- _Data for this task_
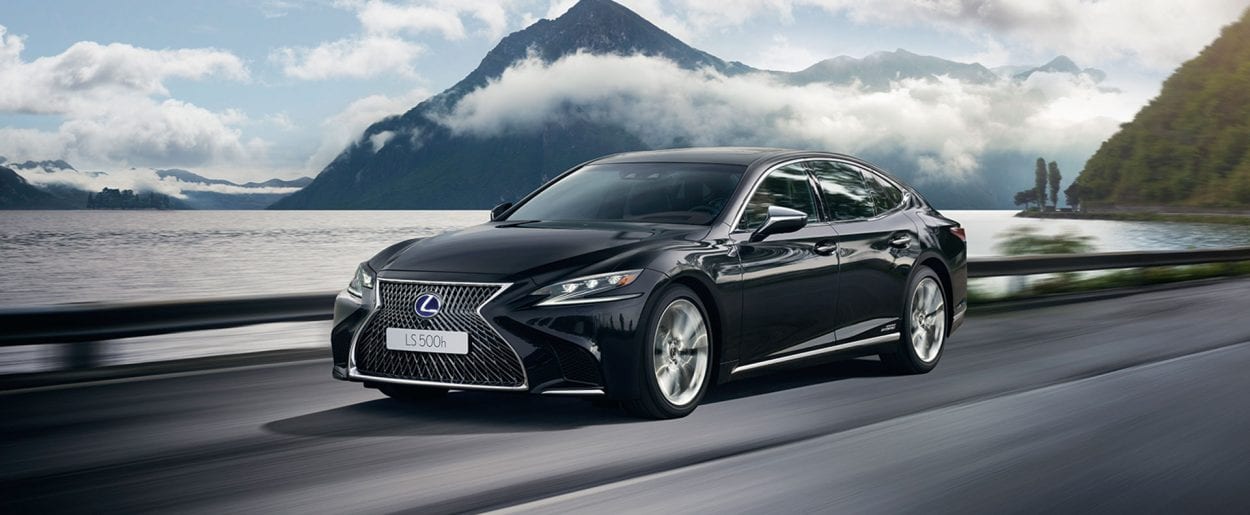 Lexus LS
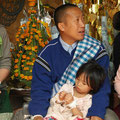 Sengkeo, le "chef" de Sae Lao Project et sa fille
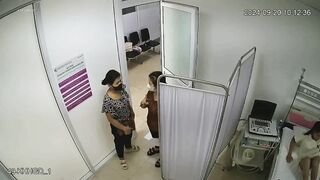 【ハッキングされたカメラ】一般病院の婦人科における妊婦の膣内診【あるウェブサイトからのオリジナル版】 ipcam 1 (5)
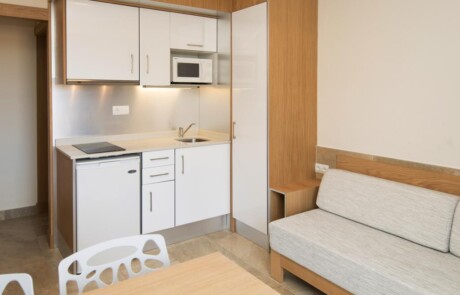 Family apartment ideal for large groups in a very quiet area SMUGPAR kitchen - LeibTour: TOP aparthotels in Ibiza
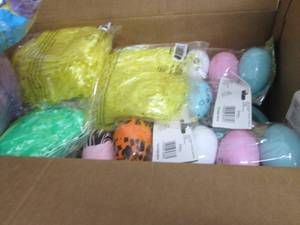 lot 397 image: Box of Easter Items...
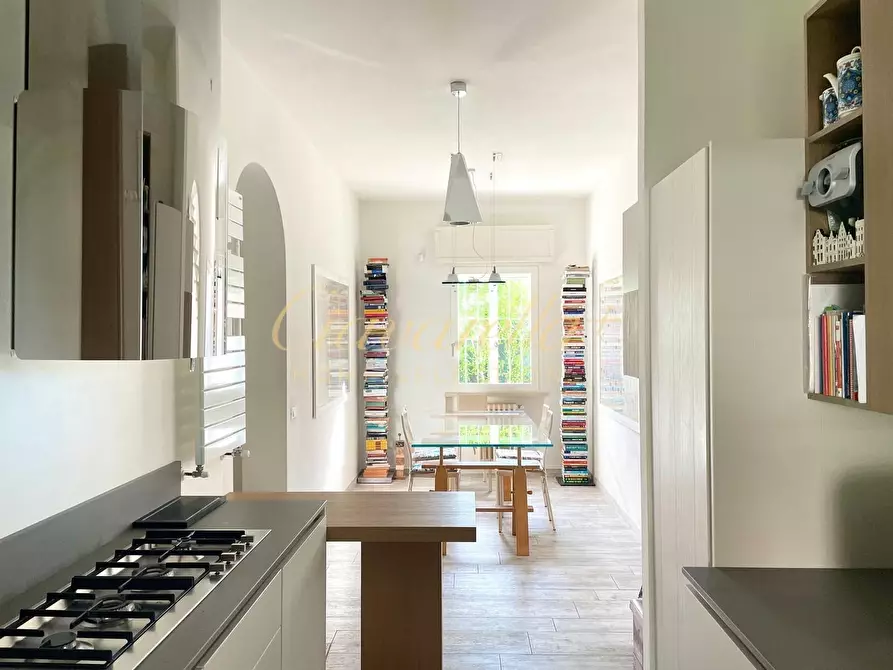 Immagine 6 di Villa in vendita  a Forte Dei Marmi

--

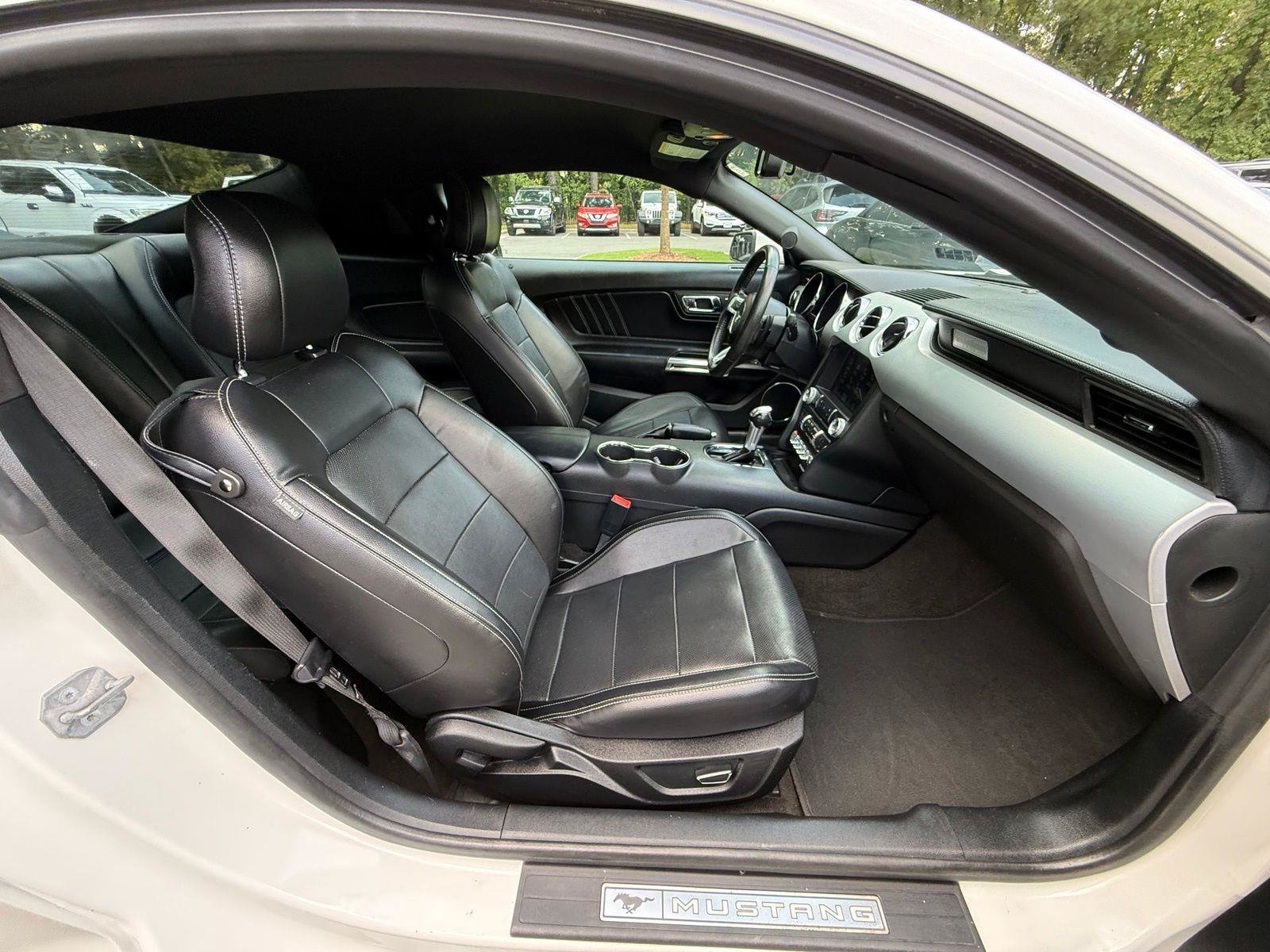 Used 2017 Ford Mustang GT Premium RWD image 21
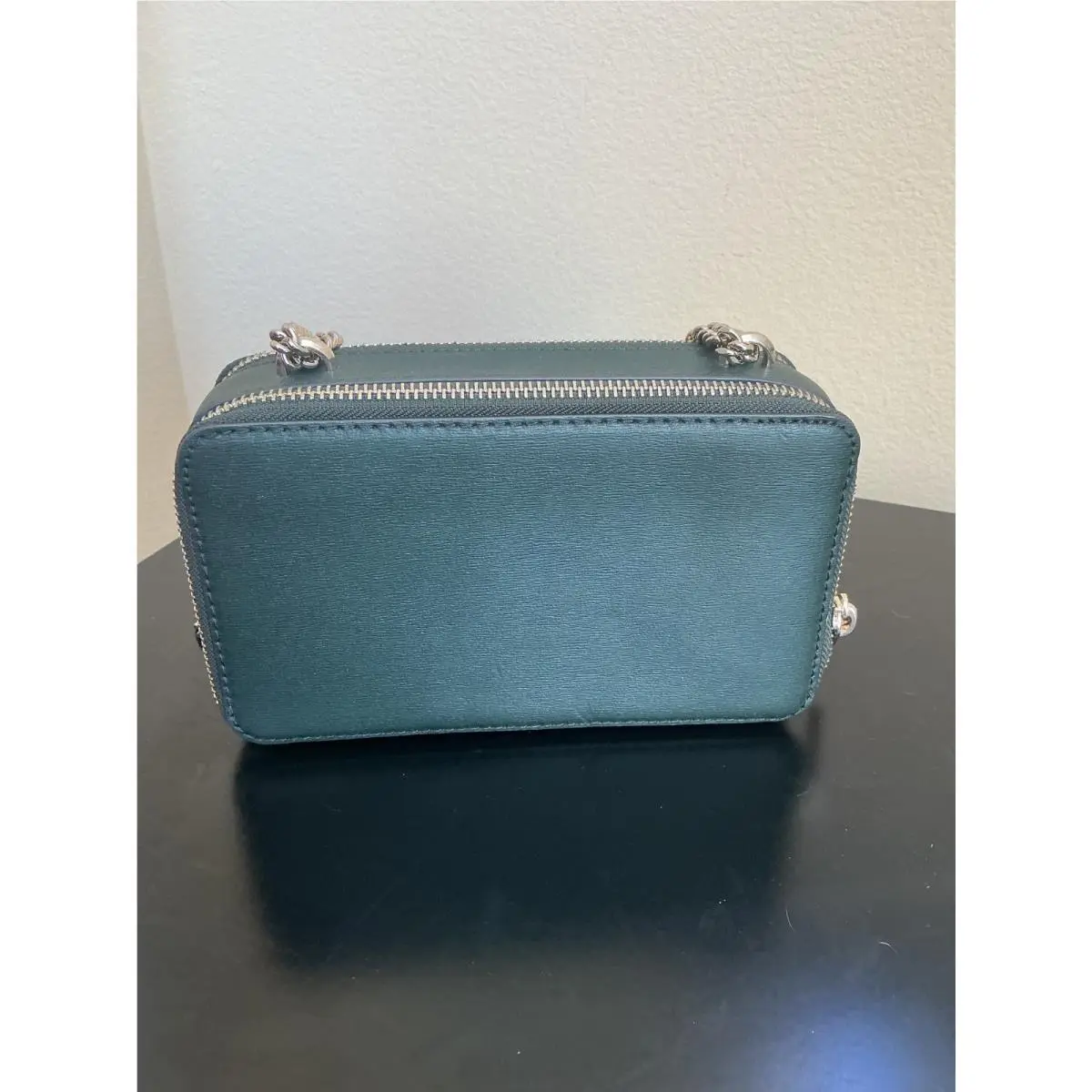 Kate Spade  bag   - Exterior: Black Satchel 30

- _The problem_
Using the material above, reproduce only the lines that run from the line with "ipcam 1 (5)" up to and including the line with "Immagine 6 di", exactly, with the pictures dropped.

- _Reply to the task_
 【ハッキングされたカメラ】一般病院の婦人科における妊婦の膣内診【あるウェブサイトからのオリジナル版】 ipcam 1 (5)
 Family apartment ideal for large groups in a very quiet area SMUGPAR kitchen - LeibTour: TOP aparthotels in Ibiza
 lot 397 image: Box of Easter Items...
 Immagine 6 di Villa in vendita  a Forte Dei Marmi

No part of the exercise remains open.